Holmes se pasó el primer día metodizando su índice del grueso volumen de referencias. El segundo y el tercer dia los invirtió pacientemente en un tema que venia siendo de poco tiempo a aquella parte su afición preferida: la música de la Edad Media. Pero el cuarto día, cuando, al levantarnos después de desayunarnos, vimos que seguía pasando por delante de nuestras ventanas el espeso remolino parduzco condensándose en aceitosas gotas sobre la superficie de los cristales, el temperamento activo e impaciente de mi camarada no pudo aguantar más tan monótona existencia. Se puso a pasear incansablemente por nuestra sala, acometido de una fiebre de energía contenida, mordiéndose las uñas, tamborileando en los muebles, lleno de irritación contra la falta de actividad.

- ¿No hay nada interesante en el periódico, Watson? - preguntó.

Yo sabía que al preguntar Holmes si no había nada de interesante, quería decir nada interesante en asuntos criminales. Traían los periódicos noticias de una revolución, de una posible guerra, de un inminente cambio de Gobierno; pero esas cosas no caían dentro del horizonte de mi compañero. En lo referente a hechos delictivos todo lo que yo pude leer eran cosas vulgares y fútiles.
Holmes refunfuñó y reanudo sus incansables paseos.
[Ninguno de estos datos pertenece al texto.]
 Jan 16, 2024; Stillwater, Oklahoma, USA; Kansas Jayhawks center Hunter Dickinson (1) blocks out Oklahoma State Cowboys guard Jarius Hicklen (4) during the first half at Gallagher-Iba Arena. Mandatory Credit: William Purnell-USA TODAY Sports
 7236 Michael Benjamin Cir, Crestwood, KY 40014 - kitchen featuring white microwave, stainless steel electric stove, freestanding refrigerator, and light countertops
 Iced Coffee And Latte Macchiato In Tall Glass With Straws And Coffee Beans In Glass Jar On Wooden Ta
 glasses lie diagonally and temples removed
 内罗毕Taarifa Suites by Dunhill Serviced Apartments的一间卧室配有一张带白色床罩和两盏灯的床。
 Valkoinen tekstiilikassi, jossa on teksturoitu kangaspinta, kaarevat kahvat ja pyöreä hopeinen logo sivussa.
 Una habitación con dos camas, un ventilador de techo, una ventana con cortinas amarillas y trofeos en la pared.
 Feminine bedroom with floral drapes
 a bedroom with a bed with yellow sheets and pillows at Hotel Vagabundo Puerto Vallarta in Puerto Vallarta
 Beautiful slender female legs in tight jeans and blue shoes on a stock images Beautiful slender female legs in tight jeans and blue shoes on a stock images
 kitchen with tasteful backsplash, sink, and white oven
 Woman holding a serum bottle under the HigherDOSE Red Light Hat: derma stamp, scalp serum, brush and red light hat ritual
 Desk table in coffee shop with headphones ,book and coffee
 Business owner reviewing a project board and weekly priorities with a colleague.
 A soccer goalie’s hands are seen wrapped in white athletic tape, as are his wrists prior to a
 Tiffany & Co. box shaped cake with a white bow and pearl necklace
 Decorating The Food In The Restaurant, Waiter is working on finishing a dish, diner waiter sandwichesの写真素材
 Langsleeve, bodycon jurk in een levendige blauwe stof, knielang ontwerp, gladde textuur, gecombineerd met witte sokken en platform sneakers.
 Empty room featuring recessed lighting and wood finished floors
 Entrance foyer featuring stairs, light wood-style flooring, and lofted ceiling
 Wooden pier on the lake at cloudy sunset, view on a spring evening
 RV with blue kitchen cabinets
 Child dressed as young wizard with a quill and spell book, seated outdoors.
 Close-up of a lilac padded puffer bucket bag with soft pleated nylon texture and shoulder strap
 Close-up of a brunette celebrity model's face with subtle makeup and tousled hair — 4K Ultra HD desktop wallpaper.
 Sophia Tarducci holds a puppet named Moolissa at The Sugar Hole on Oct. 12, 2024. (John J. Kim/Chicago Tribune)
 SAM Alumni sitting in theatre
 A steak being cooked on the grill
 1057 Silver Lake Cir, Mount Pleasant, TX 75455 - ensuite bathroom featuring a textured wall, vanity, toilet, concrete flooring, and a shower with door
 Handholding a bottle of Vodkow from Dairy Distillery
- En Londres del mundo criminal es, desde luego, una cosa aburrida - dijo con voz quejumbrosa de un cazador que no levanta ninguna pieza -. Mire por la ventana, Watson. Fíjese en cómo las figuras de las personas surgen de pronto, se dejan ver confusamente y vuelven a fundirse en el banco de las nubes. En un día como éste, el ladrón y el asesino podrían andorrear por Londres tal como lo hace el tigre en la selva virgen, invisible hasta el momento en que salta sobre su presa, y, en ese momento, visible únicamente para la víctima.

- Se ha llevado a cabo infinidad de pequeños robos - le dije.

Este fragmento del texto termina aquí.